Note : It would be better to save checkpoints periodically, otherwise you'll lose everything you've trained if the session is recycled.

In [0]:
cross_entropy = nn.CrossEntropyLoss()

if training_process:
  it = 0
  train_losses = []
  test_losses = []
  for epoch in range(max_epoch):
    scheduler.step()
    # train phase
    my_classifier.train()
    for inputs, labels in train_dataloader:
      it += 1

      # load data to the GPU.
      inputs = inputs.to(device)
      labels = labels.to(device)

      # feed data into the network and get outputs.
      logits = my_classifier(inputs)

      # calculate loss
      # Note: `F.cross_entropy` function receives logits, or pre-softmax outputs, rather than final probability scores.
      #loss = F.cross_entropy(logits, labels)

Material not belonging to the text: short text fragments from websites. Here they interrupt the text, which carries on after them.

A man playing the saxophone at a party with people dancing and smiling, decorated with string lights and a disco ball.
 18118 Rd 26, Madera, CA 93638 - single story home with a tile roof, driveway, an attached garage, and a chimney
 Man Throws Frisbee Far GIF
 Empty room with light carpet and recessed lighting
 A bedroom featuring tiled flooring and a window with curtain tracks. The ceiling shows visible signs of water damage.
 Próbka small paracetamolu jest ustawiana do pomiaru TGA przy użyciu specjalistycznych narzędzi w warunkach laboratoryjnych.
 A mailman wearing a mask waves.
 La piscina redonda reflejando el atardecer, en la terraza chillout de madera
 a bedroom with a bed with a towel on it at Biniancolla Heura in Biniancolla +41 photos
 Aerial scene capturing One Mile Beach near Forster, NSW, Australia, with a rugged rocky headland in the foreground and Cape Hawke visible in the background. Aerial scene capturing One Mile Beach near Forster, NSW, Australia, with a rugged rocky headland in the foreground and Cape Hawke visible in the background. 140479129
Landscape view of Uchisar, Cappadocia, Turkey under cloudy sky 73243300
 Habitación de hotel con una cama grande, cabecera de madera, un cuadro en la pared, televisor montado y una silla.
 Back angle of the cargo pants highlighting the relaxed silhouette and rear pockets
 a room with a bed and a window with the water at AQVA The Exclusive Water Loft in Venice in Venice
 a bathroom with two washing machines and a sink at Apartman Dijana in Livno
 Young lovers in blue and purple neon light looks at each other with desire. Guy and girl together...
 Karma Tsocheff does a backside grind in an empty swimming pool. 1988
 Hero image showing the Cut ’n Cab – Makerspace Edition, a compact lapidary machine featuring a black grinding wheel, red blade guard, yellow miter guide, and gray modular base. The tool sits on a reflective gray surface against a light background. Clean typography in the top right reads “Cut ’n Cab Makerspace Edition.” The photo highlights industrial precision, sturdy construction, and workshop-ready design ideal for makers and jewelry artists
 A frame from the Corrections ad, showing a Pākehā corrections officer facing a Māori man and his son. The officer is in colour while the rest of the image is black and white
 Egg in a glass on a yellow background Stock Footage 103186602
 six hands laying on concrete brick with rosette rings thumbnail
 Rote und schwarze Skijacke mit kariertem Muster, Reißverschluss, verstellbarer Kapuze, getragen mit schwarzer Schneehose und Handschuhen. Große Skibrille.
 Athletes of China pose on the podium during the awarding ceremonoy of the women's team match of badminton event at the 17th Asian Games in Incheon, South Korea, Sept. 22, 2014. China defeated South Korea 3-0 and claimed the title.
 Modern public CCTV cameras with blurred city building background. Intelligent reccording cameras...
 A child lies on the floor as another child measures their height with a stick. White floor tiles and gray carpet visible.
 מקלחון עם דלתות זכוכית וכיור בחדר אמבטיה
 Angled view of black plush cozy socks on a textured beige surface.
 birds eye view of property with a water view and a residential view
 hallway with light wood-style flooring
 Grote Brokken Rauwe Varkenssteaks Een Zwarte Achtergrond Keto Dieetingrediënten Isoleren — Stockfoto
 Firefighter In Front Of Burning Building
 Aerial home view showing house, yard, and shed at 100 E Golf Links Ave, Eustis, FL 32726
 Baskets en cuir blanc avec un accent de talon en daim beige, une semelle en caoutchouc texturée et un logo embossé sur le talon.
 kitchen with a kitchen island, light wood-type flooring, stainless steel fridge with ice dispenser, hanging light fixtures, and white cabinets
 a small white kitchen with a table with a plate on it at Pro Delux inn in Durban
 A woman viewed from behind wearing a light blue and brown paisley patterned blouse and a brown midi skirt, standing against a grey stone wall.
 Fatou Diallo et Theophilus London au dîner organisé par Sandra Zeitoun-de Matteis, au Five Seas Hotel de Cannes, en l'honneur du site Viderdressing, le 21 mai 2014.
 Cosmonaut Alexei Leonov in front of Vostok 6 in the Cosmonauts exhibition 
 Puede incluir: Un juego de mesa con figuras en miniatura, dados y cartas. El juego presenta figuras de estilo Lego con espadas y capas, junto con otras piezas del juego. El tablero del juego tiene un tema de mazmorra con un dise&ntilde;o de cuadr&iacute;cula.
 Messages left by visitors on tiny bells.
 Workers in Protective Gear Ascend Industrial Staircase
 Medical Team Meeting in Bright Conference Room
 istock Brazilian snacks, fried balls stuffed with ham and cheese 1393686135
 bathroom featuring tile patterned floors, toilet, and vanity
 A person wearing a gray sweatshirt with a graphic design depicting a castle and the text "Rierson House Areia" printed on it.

      #Since I use VGG model and there is Linear Layer in the end, using nn.CrossEntropyLoss is more convenient
      loss = cross_entropy(logits, labels)

      # Note: You should flush out gradients computed at the previous step before computing gradients at the current step. 
      #       Otherwise, gradients will accumulate.
      optimizer.zero_grad()

      # backprogate loss.
      loss.backward()

      # update the weights in the network.
      optimizer.step()

      # calculate accuracy.
      acc = (logits.argmax(dim=1) == labels).float().mean()

      if it % 250 == 0:
        tbc.save_value('Loss', 'train_loss', it, loss.item())
        print('[epoch:{}, iteration:{}] train loss : {:.4f} train accuracy : {:.4f}'.format(epoch, it, loss.item(), acc.item()))

    # save losses in a list so that we can visualize them later.
    train_losses.append(loss)  

    # test phase
    n = 0.
    test_loss = 0.
    test_acc = 0.
    my_classifier.eval()
    for test_inputs, test_labels in test_dataloader:
      test_inputs = test_inputs.to(device)
      test_labels = test_labels.to(device)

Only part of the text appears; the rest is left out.